The Apache-Making Machine
Dear friends, this was my submission to the 2023 Passage Prize for short fiction. On the theme of rewilding, I tried imagining a world where one could literally retvrn to civilizational infancy. It’s a long read, but I hope you enjoy it.
For the first time in his life Matthieu nearly loved the spreadsheet. Today was his last day at the office and freedom from tomorrow’s pressure allowed him to concentrate on the aesthetics attributes of his work he had often overlooked. The grid was so logical, so rational. How quickly it delivered you an answer with the simplest numeric input. It felt like communicating with an unseen entity. ‘I’m already thinking like an indian’ he thought to himself.
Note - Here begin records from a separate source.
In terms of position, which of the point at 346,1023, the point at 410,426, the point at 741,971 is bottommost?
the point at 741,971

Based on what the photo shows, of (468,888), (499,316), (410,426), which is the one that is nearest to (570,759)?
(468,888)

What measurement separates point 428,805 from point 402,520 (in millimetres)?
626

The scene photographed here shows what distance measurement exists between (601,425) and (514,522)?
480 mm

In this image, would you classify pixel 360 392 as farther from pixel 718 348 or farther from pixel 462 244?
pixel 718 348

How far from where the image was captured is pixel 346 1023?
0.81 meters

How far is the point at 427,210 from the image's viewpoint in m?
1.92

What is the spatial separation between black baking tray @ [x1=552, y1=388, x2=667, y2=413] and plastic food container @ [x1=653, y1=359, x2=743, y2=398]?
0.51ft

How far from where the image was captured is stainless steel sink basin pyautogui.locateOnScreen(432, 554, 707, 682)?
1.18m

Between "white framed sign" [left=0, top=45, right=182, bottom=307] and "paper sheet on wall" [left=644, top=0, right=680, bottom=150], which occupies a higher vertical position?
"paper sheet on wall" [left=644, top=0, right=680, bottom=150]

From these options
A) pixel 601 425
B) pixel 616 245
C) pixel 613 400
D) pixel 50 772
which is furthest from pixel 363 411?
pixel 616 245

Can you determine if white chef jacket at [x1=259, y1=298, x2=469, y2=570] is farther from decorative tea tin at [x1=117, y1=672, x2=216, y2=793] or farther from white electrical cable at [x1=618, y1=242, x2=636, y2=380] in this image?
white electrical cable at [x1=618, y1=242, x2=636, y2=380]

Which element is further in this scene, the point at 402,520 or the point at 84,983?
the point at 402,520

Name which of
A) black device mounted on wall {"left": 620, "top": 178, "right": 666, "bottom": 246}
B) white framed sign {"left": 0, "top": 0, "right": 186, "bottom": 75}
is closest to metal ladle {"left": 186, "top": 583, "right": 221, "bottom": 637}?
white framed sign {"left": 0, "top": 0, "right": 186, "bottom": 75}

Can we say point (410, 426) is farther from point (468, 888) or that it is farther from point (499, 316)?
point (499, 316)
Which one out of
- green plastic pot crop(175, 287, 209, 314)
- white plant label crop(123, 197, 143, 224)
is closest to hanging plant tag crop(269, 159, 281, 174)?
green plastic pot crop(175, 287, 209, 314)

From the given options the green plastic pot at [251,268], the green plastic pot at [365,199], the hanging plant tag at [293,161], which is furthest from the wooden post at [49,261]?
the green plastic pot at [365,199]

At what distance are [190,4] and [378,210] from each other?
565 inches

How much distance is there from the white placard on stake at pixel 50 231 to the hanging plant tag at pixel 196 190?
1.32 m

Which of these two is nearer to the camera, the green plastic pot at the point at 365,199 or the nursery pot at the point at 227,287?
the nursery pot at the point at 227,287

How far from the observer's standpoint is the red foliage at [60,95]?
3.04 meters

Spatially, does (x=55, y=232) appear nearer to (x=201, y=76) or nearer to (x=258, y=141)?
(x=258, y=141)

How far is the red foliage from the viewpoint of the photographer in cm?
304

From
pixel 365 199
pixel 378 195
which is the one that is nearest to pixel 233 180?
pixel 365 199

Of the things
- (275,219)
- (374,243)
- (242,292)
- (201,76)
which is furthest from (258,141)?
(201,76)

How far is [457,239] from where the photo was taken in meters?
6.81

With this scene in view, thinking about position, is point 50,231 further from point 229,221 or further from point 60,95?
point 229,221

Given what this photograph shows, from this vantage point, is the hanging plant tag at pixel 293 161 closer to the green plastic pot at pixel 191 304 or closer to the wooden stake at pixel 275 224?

At 5 PM he clocked out and knocked on his boss’ door. The older man received him warmly and even served him a glass of Scotch to celebrate his departure. He talked about the future, about acquisitions and growth and real estate and children. Matthieu only listened. His future was an unknown, and this excited him. After 15 minutes they both rose and shared a quick hug. ‘Good luck at the reservation’ the boss said.
He decided to leave without packing his things, as there was nothing he would need anymore. He quickly said goodbye to his co-workers and glanced around the office. Only on the last fiscal year he had been the fourth employee to go native. The empty desks were not filled yet, and with the accelerating indian turnover they probably wouldn’t be so soon. Grim days ahead! Thank God these concerns were behind him now. Matthieu waved goodbye to the surviving colleagues – one of them he knew would soon go native as well, after finishing the transfer of his property titles to his children so he wouldn’t leave them destitute.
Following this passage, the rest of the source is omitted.